Евгений Евтушенко вспоминал разговор в первой половине 1954 года с группой студентов Литературного института. Юнна Мориц, восемнадцатилетняя поэтесса, родители которой все еще находились в лагерях, сказала 21-летнему Евтушенко: «Революция мертва, и труп ее смердит». Другая молодая поэтесса с круглым детским лицом и рыжей косой ответила, сверкая черными татарскими глазами: «Тебе должно быть стыдно. Революция не мертва, революция больна, и мы должны ей помочь». Девушку эту звали Белла Ахмадулина[142].

Евтушенко родился в 1932 году в семье молодых геологов-романтиков на станции Зима великой Транссибирской магистрали. Его родители вскоре развелись, и лишь много позже он узнал семейную тайну: оба его деда сгинули в сталинском терроре 1937 года. Как и многие другие в его поколении, он рос наивным романтиком-сталинистом. Ранние патриотические стихи, опубликованные в спортивном журнале, стали для него пропуском в Литературный институт, куда он поступил в 1953 году. Трагическая давка во время похорон Сталина пошатнула слепой оптимизм Евтушенко, но не изменила его романтический настрой. Быть вне коммунистического движения он не хотел – напротив, хотел задавать курс движению. Евгению нравилась роль общественного деятеля, и он был по натуре борец. Благодаря немалому драматическому таланту его поэтические вечера превращались в высшей степени эмоциональные массовые представления. Высокий, стройный, с ослепительной улыбкой поп-звезды, в твидовых пиджаках и галстуках ярких расцветок, он выглядел стилягой. Он и Ахмадулина стали двумя звездами нового поэтического поколения. Изабелла (Белла) родилась в семье советских служащих в Москве. Мать ее, смешанных русско-итальянских кровей, работала в госбезопасности переводчицей, а отец, от которого она унаследовала раскосые татарские глаза, работал в таможне и дослужился там до высоких должностей[143]. В студенчестве Белла была комсомольской активисткой. Но внутренняя глубина взяла верх над внешней активностью – ее литературный вкус формировался под влиянием Марселя Пруста. Красивая, хрупкая, с невероятным женским очарованием, на сцене Ахмадулина могла конкурировать с самыми знаменитыми актрисами. Как позже говорили многие ее поклонники, у нее было «совершенно несоветское выражение лица» и «вечно трепетный взгляд»[144].
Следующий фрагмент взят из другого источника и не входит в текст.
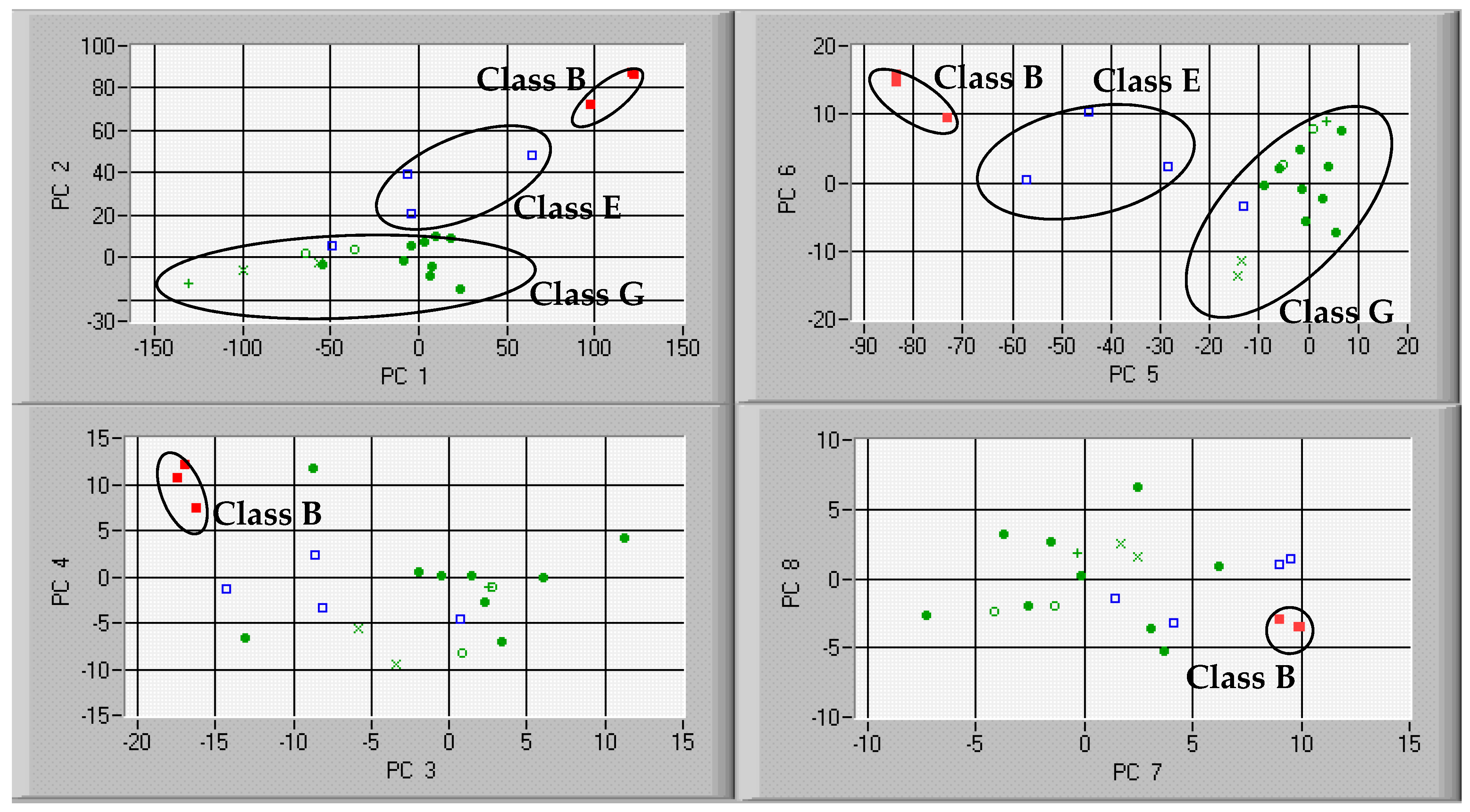 Applsci 08 00250 g012 550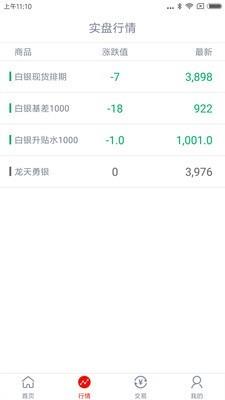 华通交易  v2.5.1图2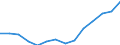 Ärzte / Vollzeitäquivalent (VZÄ) / Island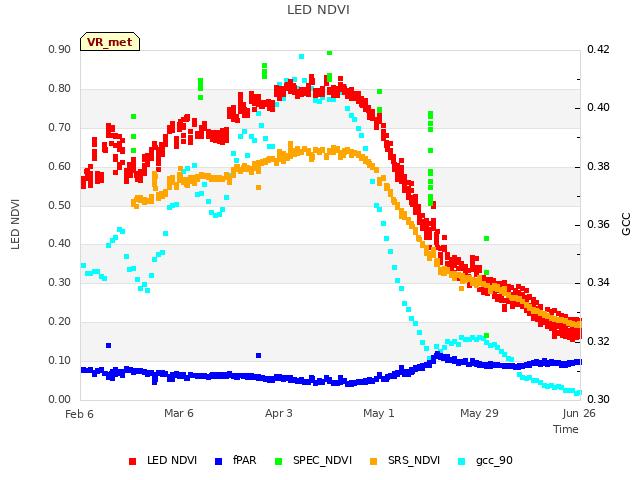 plot of LED NDVI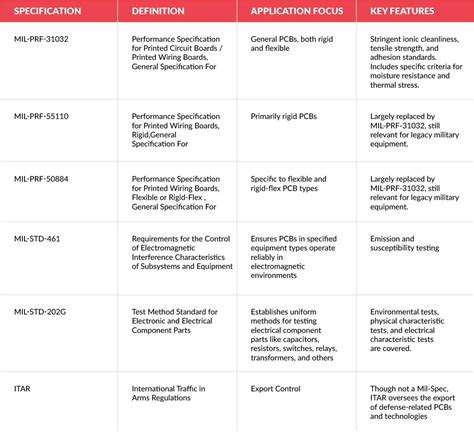 Understanding and Implementing Mil-Spec Standards in PCB Assemblies ...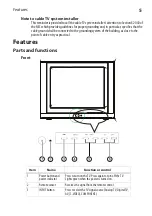 Предварительный просмотр 5 страницы Dynex DX-RCRT20-09 User Manual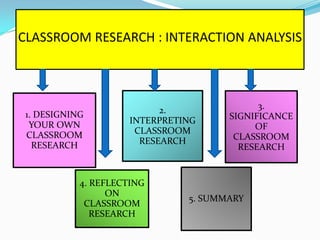 CLASSROOM RESEARCH : INTERACTION ANALYSIS




                            2.               3.
 1. DESIGNING                          SIGNIFICANCE
  YOUR OWN            INTERPRETING
                       CLASSROOM            OF
 CLASSROOM                              CLASSROOM
   RESEARCH             RESEARCH
                                         RESEARCH


            4. REFLECTING
                  ON
                                5. SUMMARY
             CLASSROOM
               RESEARCH
 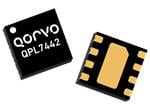 Qorvo Amplificateur RF QPL7442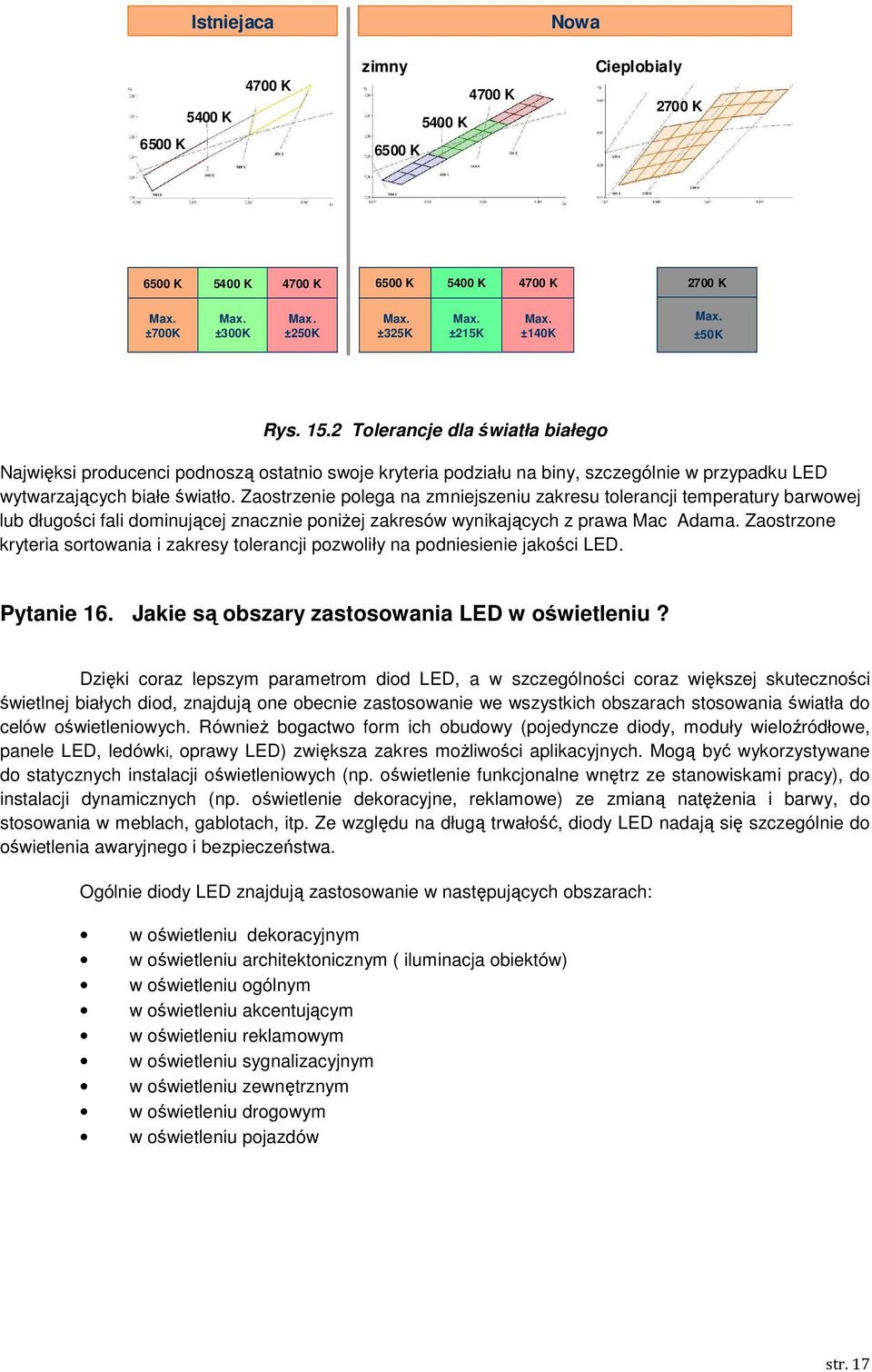 Zaostrzenie polega na zmniejszeniu zakresu tolerancji temperatury barwowej lub długości fali dominującej znacznie poniŝej zakresów wynikających z prawa Mac Adama.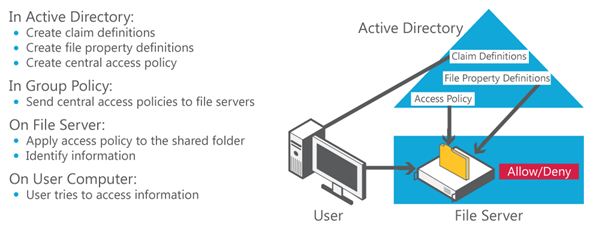 Diagram that shows the central access policy workflow.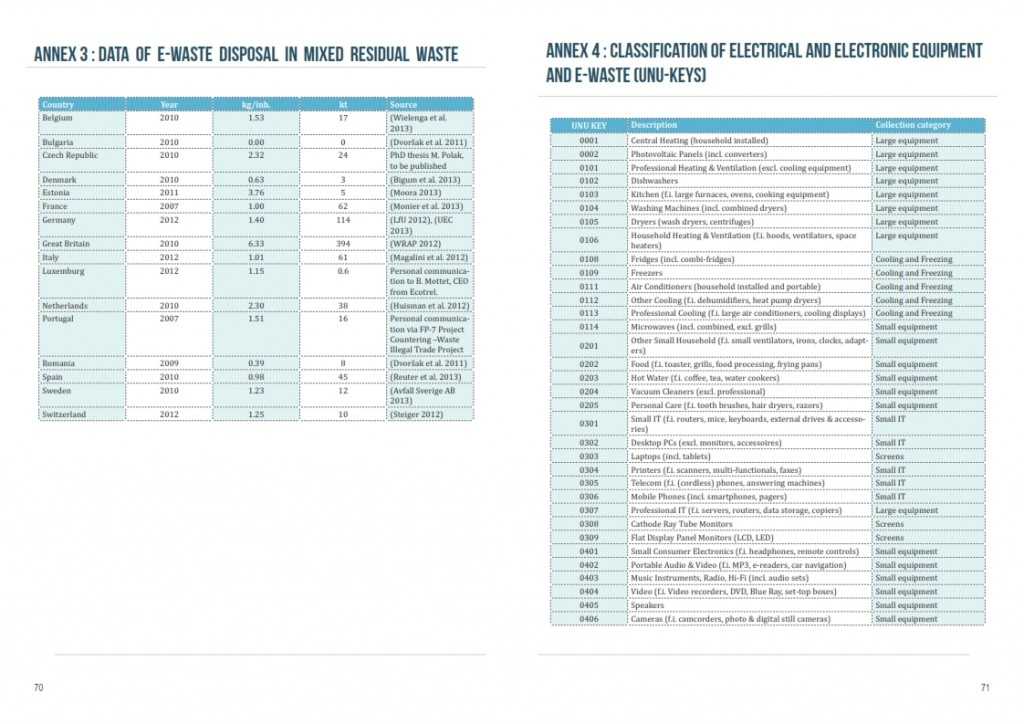 2014年全球电子废弃物监测报告_036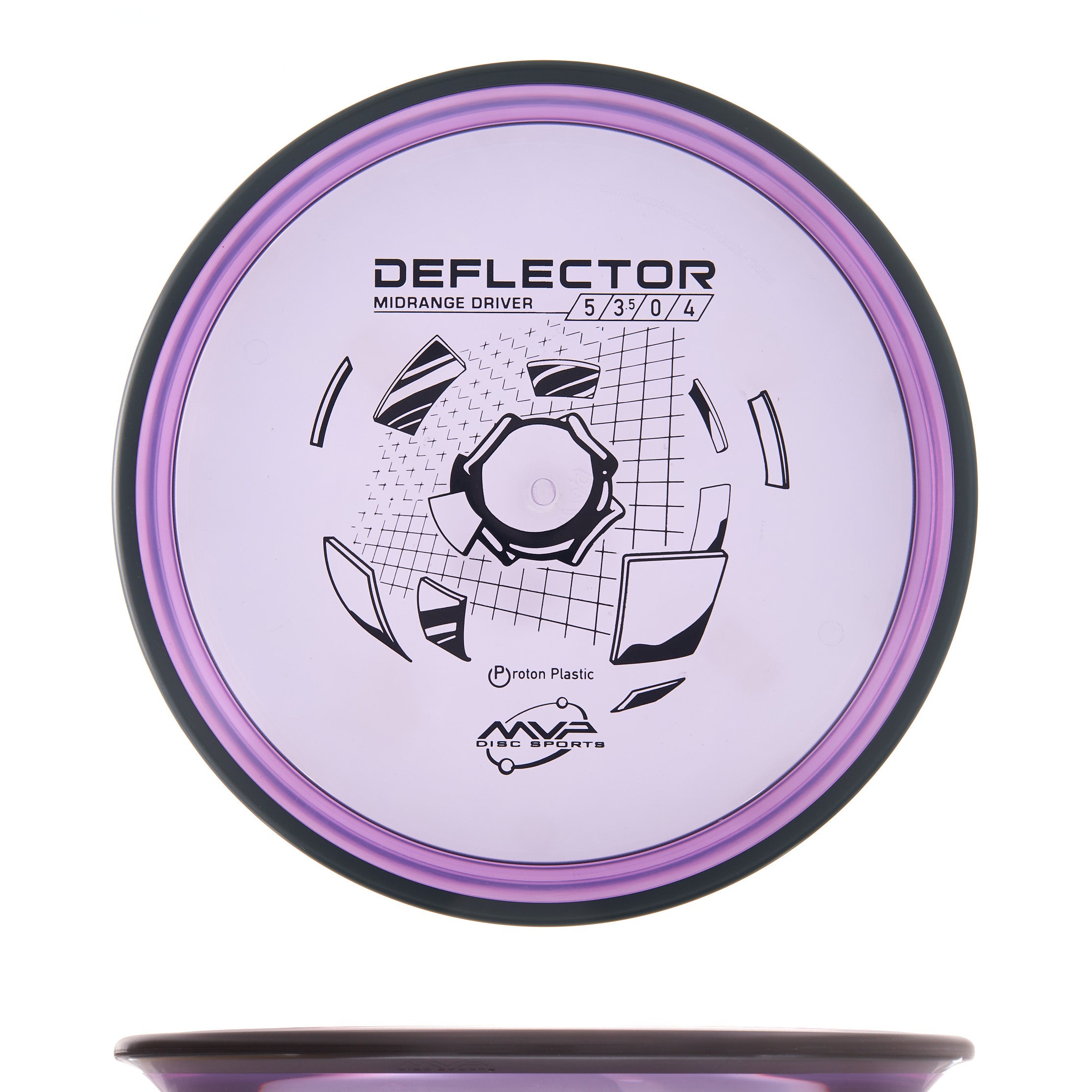 Proton Deflector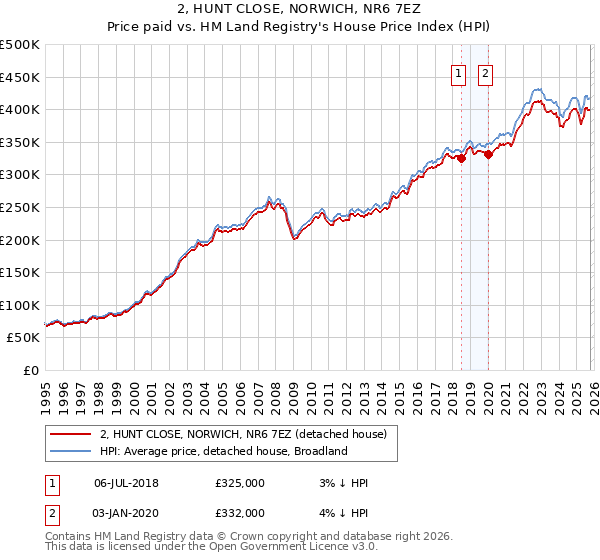 2, HUNT CLOSE, NORWICH, NR6 7EZ: Price paid vs HM Land Registry's House Price Index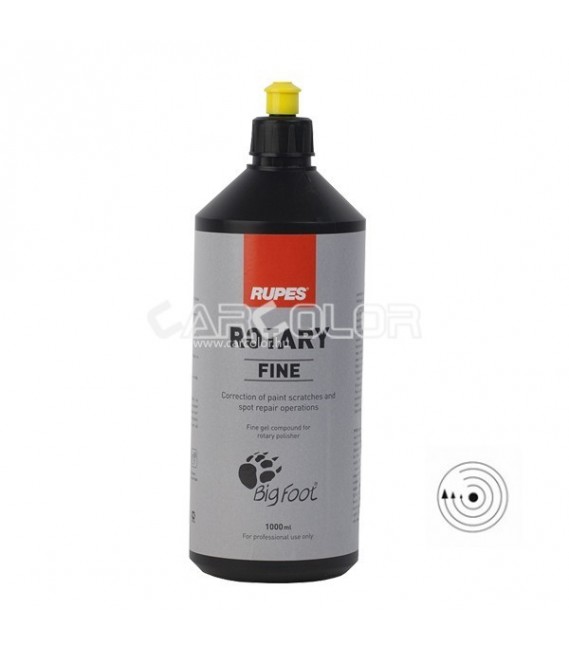 COARSE POLISHING COMPOUND FOR ROTARY POLISHERS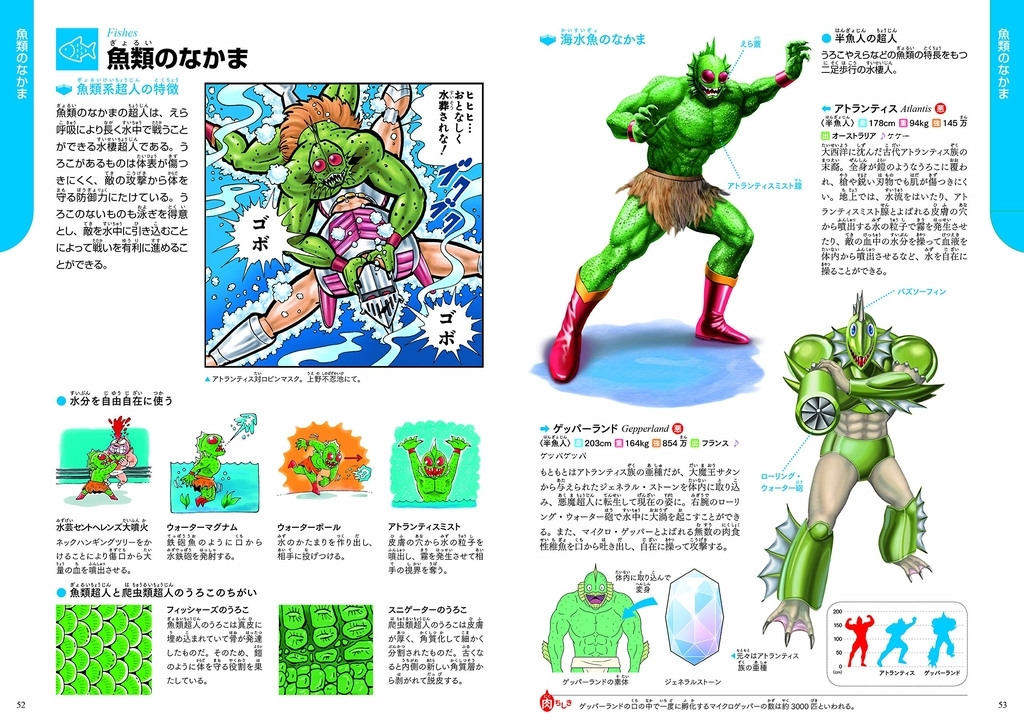 学研の図鑑　キン肉マン　超人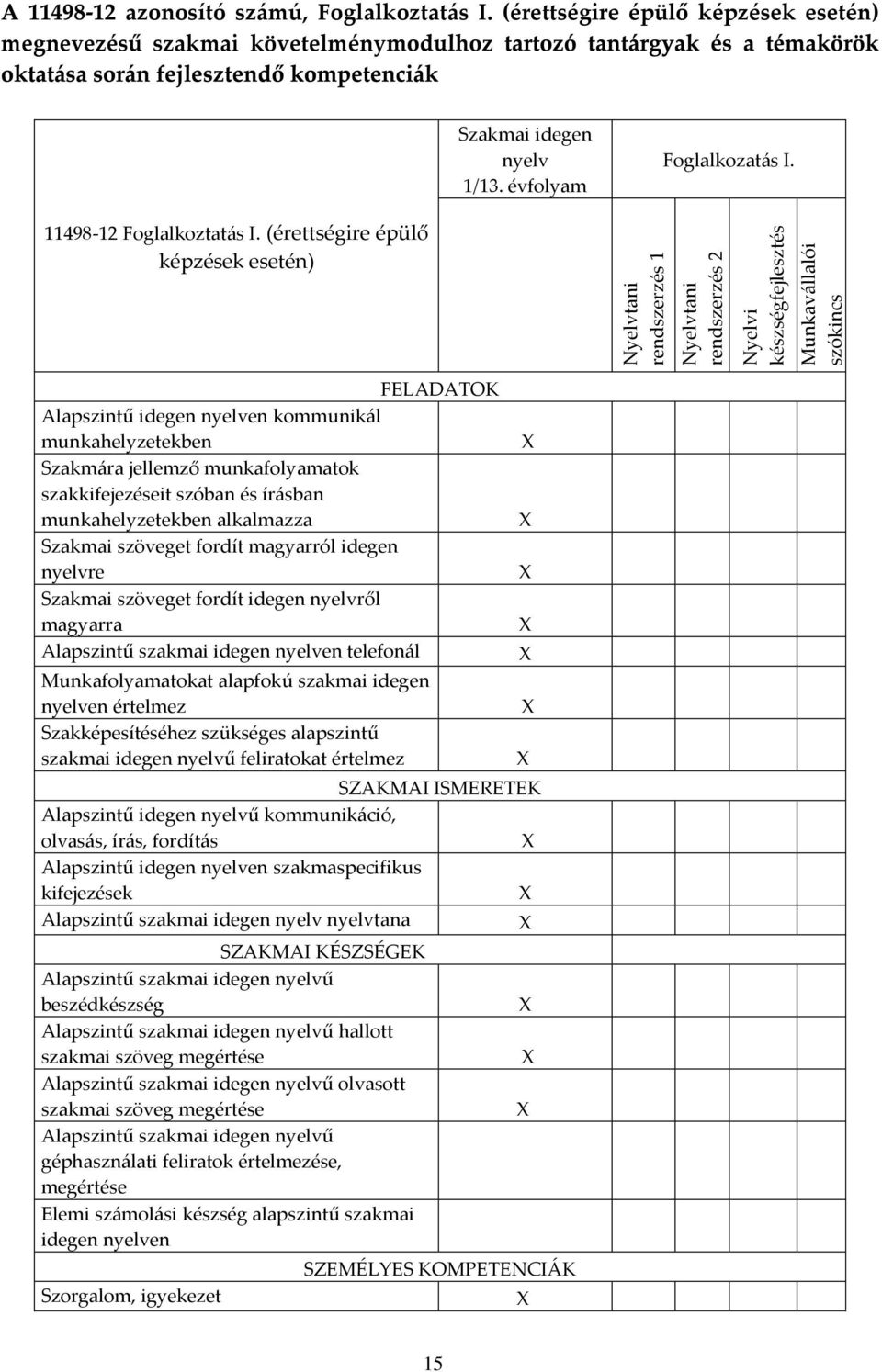 (érettségire épülő képzések esetén) FELADATOK Alapszintű idegen nyelven kommunikál munkahelyzetekben Szakmára jellemző munkafolyamatok szakkifejezéseit szóban és írásban munkahelyzetekben alkalmazza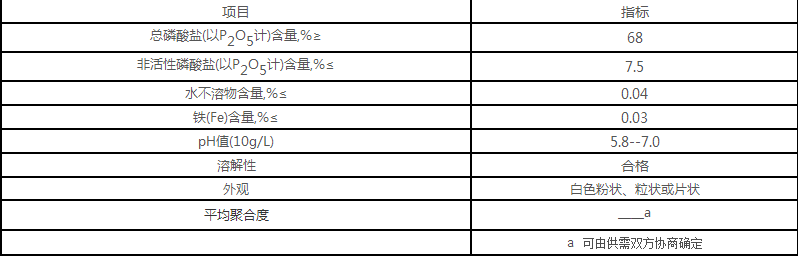 六偏磷酸鈉質(zhì)量標(biāo)準(zhǔn)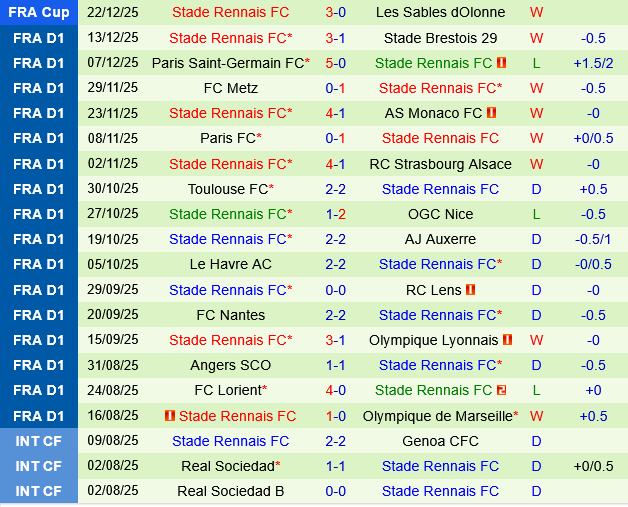 Lille vs Rennais Lille vs Rennais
В 1955 году после разговора о больной революции Евтушенко и Ахмадулина поженились. В том же году Анастас Микоян, член Политбюро и один из сподвижников Хрущева, ехал по улице Москвы на работу и увидел, что дорогу его машине преградила большая толпа. В ответ на его вопрос, в чем дело, он услышал одно слово: «Евтушенко». Он спросил, кто такой этот самый Евтушенко, и ему ответили: «Поэт». В своих воспоминаниях Микоян написал: «Я увидел очередь за поэзией, а не за едой – и понял, что началась новая эра»[145].

В течение следующего десятилетия литература и литературное слово станут главным выходом для творческой энергии нового поколения. Поиски новых стилей и индивидуального самовыражения, предвестниками которых были стиляги, продолжились в сфере искусств. Из рядов ветеранов войны и студентов первых послевоенных лет вышли наследники социально заряженной интеллигенции, когда-то рукоплескавшей русским поэтам и писателям или судившей их. Долгожданные слова этих «детей Живаго» будут обращены к растущему слою молодых интеллигентов и творческих людей, ученых и инженеров, философов и журналистов. На пепелище старой интеллигенции появились новые побеги – вначале робкие, как и породившая их «оттепель».